Theories over the years have predicted that an upper limit on stellar mass existed somewhere between 10 and 1,000 times the mass of our Sun. Recent observations of a massive cluster of stars in the center of our galaxy has found that this mass cutoff is about 150 times the Sun.
"The primary result is that there is a cutoff. There is little uncertainty about that," said Don Figer from the Space Telescope Science Institute. "The secondary result is that it is about 150 solar masses."
Figer used the Hubble Space Telescope to measure the masses of stars in the Arches Cluster, which is 25,000 light-years away and ten times the size of typical clusters in our galaxy. A cluster is a conglomeration of stars that all formed pretty much at the same time.
"The Arches Cluster contains many more smaller mass stars than larger mass stars. This is typical for a cluster," Figer said during a NASA teleconference today.
The rarity of behemoth stars is one of the reasons it has been so hard to nail down an upper limit for stellar mass. But the best place to find the biggest stars is in the biggest clusters. Arches, which contains 10,000 solar masses - is our galaxy's largest known open cluster. (Note that there are larger globular clusters.)
"The richer the cluster, the more likely you are to find extremely large stars," said Sally Oey from the University of Michigan, who was not involved in Figer's research.
Oey and her collaborators have looked for the most massive stars in nine clusters of a smaller, more typical size. They were able to estimate an upper limit that agrees with Figer's more statistically robust result.
Live fast and die young
It has long been known that a ball of gas weighing less than about a tenth of our Sun's mass will not be able to light the fusion reactor in its core. Once turned on, though, bigger stars burn brighter. A star 100 times more massive than the Sun will be a million times brighter, said Stan Woosley from University of California, Santa Cruz.
But these big stars burn their nuclear fuel more quickly. Stars greater than 100 solar masses will only live about 3 million years - compared to our Sun which is expected to live for more than 10 billion years. Therefore, to catch a glimpse of a giant star, one has to look not only at a big cluster, but a young one as well.
Fortunately, the Arches Cluster is between 2 and 2.5 million years old. With Hubble's acute eye, Figer found stars there ranging in size from 2 to 130 solar masses.
"We expected to find 20 to 30 stars with masses between 130 and 1,000 solar masses," Figer said. "But we found none.
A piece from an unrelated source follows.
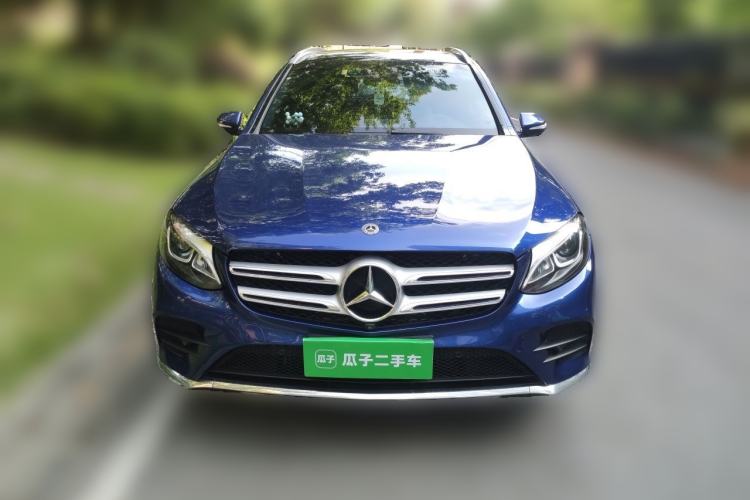 Used Mercedes-Benz GLC 2018 Facelift GLC 260 4MATIC Luxury Edition Front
If they could have formed, we would have seen them."
If the prediction had been smaller - say, one or two behemoth stars - then Figer could explain their absence as just bad luck. But this big of a drop-off can only be explained by a physical barrier to more massive stars.
No one is yet sure what this physical barrier is. Woosley thought there were two likely scenarios: either something stops the star's growth early on, or the star forms, but its intense radiation causes it to blow apart.
Still, there may be stars that circumvent the 150 solar mass limit. For example, the mass-spewing Pistol star may weigh as much as 200 solar masses. One way to explain this apparent paradox, Figer said, is that the Pistol star could be a "born-again" star, formed from the merger of two smaller stars. This sort of formation mechanism would be very unusual, however.
"There is no star in the galaxy that credibly breaks the 150 solar mass limit," Figer said.